Taste and Smell

For the past few days, I have been sick with a flu, and I have had all the usual symptoms: headache, fever, runny eyes, runny nose, a cough. One day, while the unraked leaves beckoned as well as many other projects, I just lay on the couch, listening to Public Radio. I like Public Radio as much as the next person, but lying around all day drives me nuts. While in the usual course of a day I have plenty of quiet time—for reading and writing—I also have quite a bit of active time for chores and exercise, and that’s exactly how I like it.

But the thing that bothered me the most was losing my sense of smell and taste, which always happens when I have a cold or the flu, and even though I have come to expect this loss, I still dread it. It seems strange, I know, to mind not having a sense of taste or smell when the head is pounding and the eyes and nose are running none-stop, but I do.

Ever since I can remember, I have had a very keen sense of smell and taste, and I can smell things that my husband, Clif, can only dream of. One day, quite a few years ago, we were in Boston, having lunch at Quincy Market. As we ate, I picked up a strong smell, the smell of a horse. In Boston? In Quincy Market?

“Clif,” I said, “You’re going to think I’m crazy, but I smell a horse.”
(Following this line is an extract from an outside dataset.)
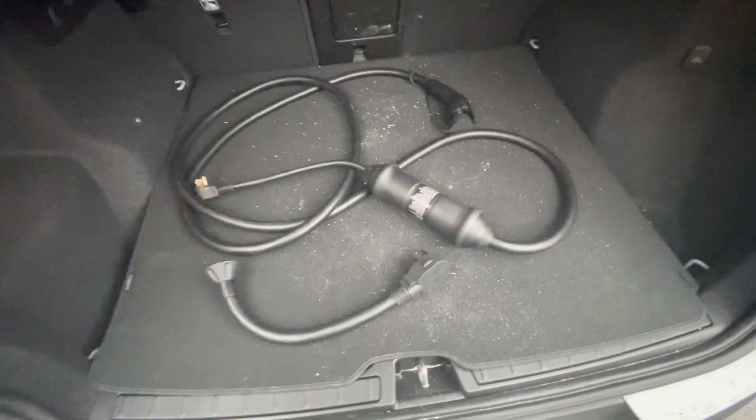Hey guys, Cody here. So I wanted to make a quick video. Your car comes with actually two charging variants.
I expected him to agree that I was indeed crazy, but instead he smiled and shook his head.

“What?” I asked.

“Look behind you.”

And there, a block or so away, was indeed a horse with a police officer.

Was Clif, who can hardly smell a thing, impressed? You bet he was.

My world is as much defined by smell and taste as it is by sight and hearing. When taste and smell are gone, I feel a little unmoored, unable to translate the world in my accustomed way. Something dear and essential is missing.

Each time this happens, I always think, “What if I never get my sense of taste and smell back? What if I’m like this for the rest of my life?”

What a horrible thing it would be. Fortunately, after a cold or flu, I have always regained these two senses, and how glad I am to have them back.

Quite rightly, we place a high value on sight and hearing, and I certainly wouldn’t want to lose either of those senses. But it seems to me that we undervalue taste and smell, and often it is only when they are gone that we realize how vital they are.

My sense of smell and taste were only gone for one day. Now when I eat toast, made from my homemade bread, I can taste the slightly sweet and nutty flavor of the whole wheat flour as well as the butter, rich and salty. My grapefruit has its wonderful tang softened by a little sugar.

I might not be completely well, but with my sense of taste and smell restored, I feel much, much better.